La Mission interministérielle de vigilance et de lutte contre les dérives sectaires (MIVILUDES) vient de publier son rapport d’activité pour l’année 2021.
https://www.miviludes.interieur.gouv.fr/sites/default/files/publications/francais/MIVILUDES-RAPPORT2021_0.pdf

Les phénomènes sectaires portent délibérément atteinte à la liberté de conscience et à l’intégrité des individus. Leurs effets sur les familles, les proches, et plus largement sur la cohésion nationale sont délétères.

La crise sanitaire a assurément constitué un terreau fertile pour ces mouvements : marquée par plusieurs confinements et des situations économiques et sociales difficiles, cette période a favorisé l’émergence de discours exploitant l’isolement.

Hausse des saisines

L’enseignement principal du rapport annuel 2020-2021 est l’augmentation continue, d’une année sur l’autre, du nombre des saisines à la MIVILUDES : plus de 33 % entre 2020 et 2021, plus de 44 % entre 2018 et 2021 et plus de 86 % entre 2015 et 2021. Les 4 020 saisines comptabilisées pour l’année 2021 représentent un record. Ces chiffres alarment d’autant plus les pouvoirs publics qu’ils ne constituent que la seule part visible d’un phénomène plus large.
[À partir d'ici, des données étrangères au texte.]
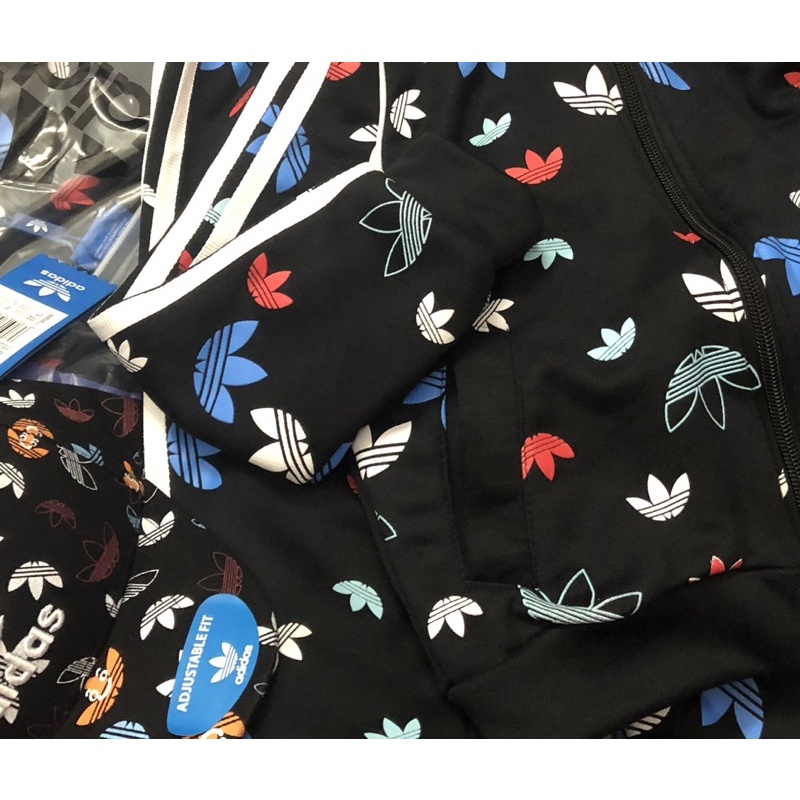 Bộ thể thao hoạ tiết adi.das cho bé trai màu đen size 12-35 cân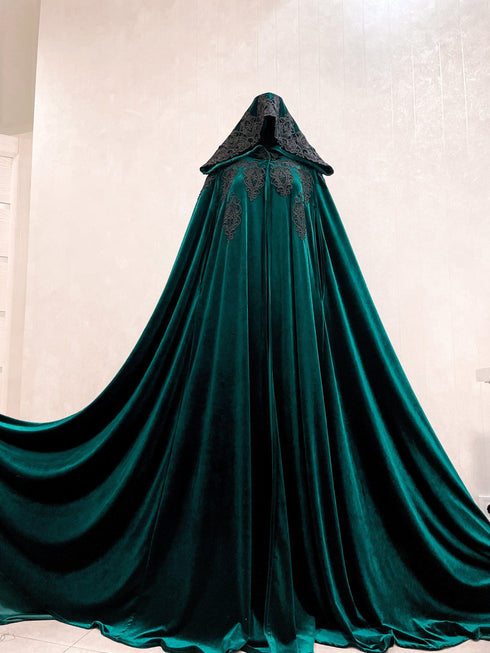 Green cape black lace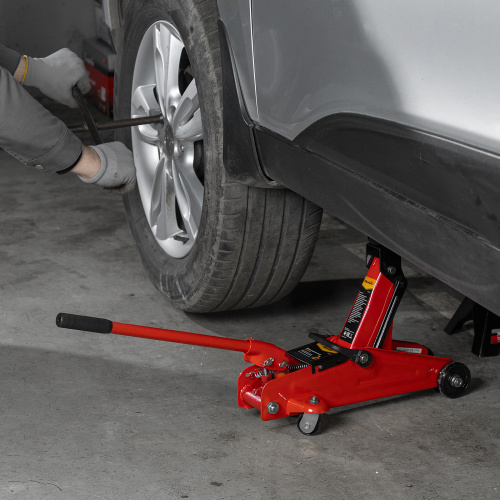 Домкрат гидравлический подкатной, 2 т, h подъема 125-300 мм, в пластиковом кейсе Sparta купить в Москве с доставкой по всей России | ProtosMarket.ru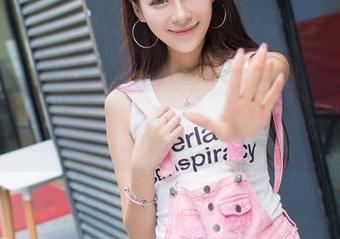 IMiss爱蜜社 – 黄歆苑=夏日写真精选，清凉到连老奶奶的西瓜都冒汗！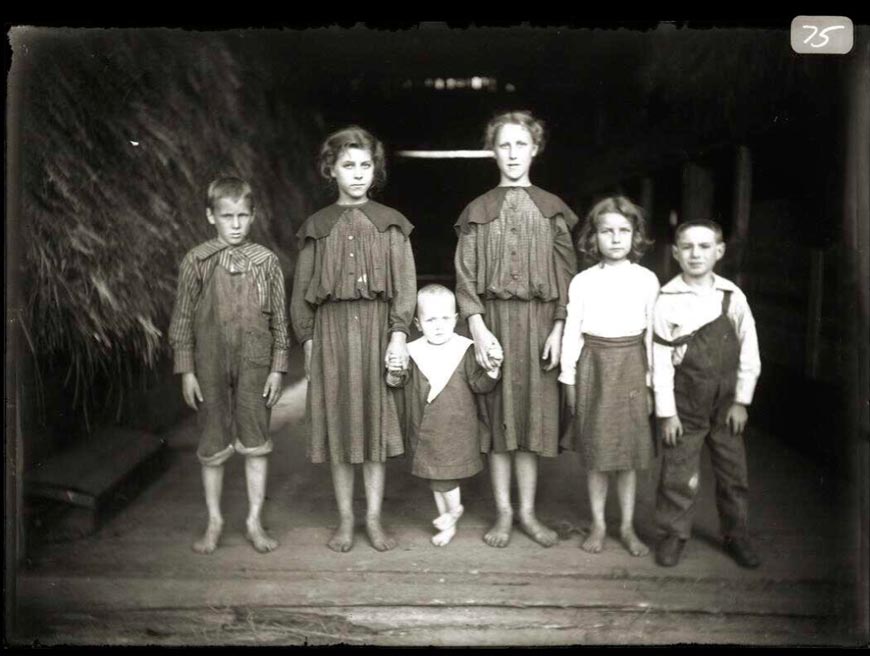 Unidentified children (Неизвестные дети), c.1910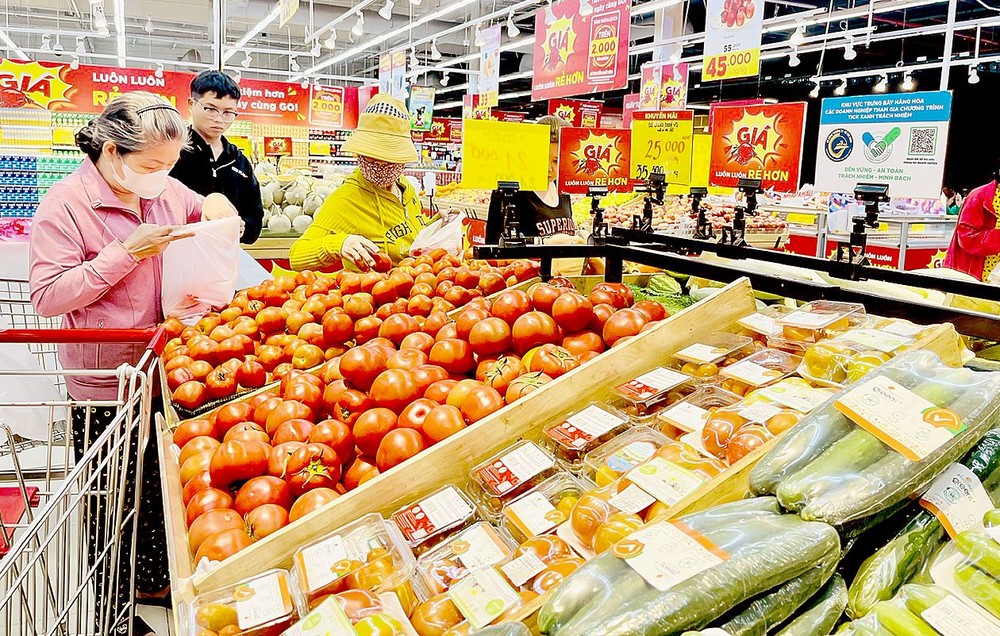 客户前往新富郡某超市购买果蔬。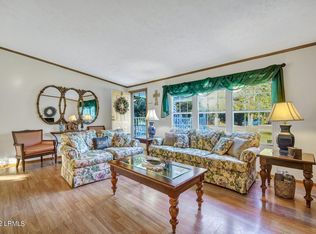 19 Gamecock Way, Beaufort, SC 29906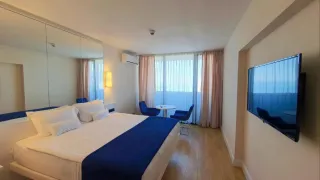 გილოცავთ ბათუმის დღესასწაულს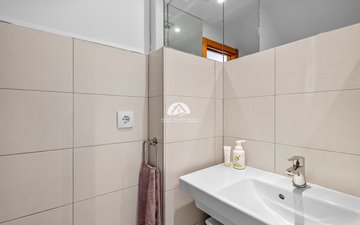Property slide 22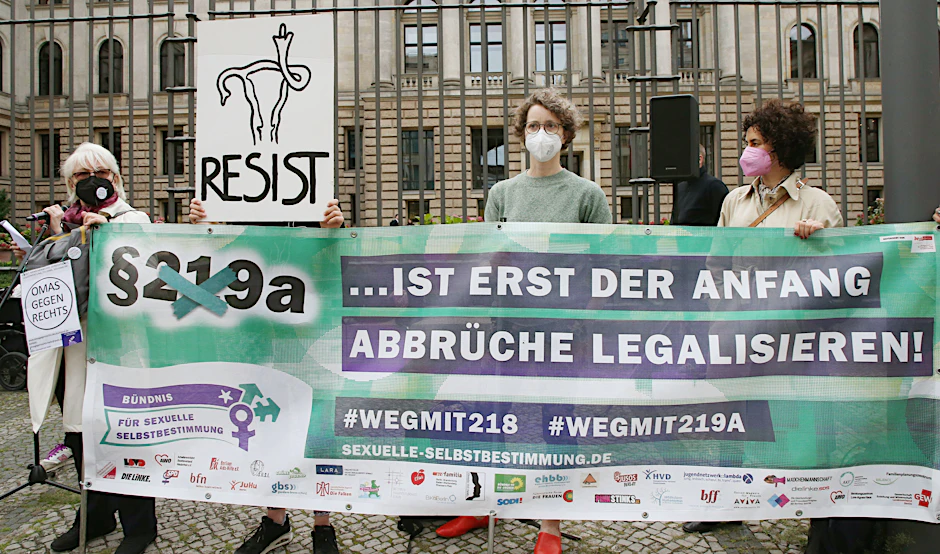 Am Freitag demonstrierten verschiedene Gruppen vor dem Berliner Bundesrat, um die Informationen zu Schwangerschaftsabbrüchen zu erleichtern.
Thérapies non conventionnelles, réseaux sociaux et complotisme

Le rapport note la permanence des « multinationales de la spiritualité » que sont l’Eglise de scientologie et les Témoins de Jéhovah. Ces organismes – bien identifiés par les institutions – continuent de faire l’objet de saisines.

Le rapport souligne une évolution générale du phénomène sectaire, mettant en exergue la multiplication de petites structures dans les domaines de la santé, du bien-être et de l’alimentation. Les thérapies non conventionnelles se sont développées dans le cadre de la crise sanitaire et portent un risque important en matière de santé publique.

Le rapport constate aussi la multiplication des « gourous 2.0 ». Il s’agit de manipulateurs isolés et autonomes qui propagent leur doctrine sur les réseaux sociaux. Ces nouvelles doctrines touchent fortement les plus jeunes – notamment les mineurs, très vulnérables – qui sont d’importants utilisateurs des réseaux sociaux.

Enfin le rapport dresse un lien clair entre les phénomènes sectaires et les thèses complotistes. La porosité entre les deux phénomènes et leur interdépendance tend à s’accroître, les théories du complot nourrissant largement les mouvements sectaires.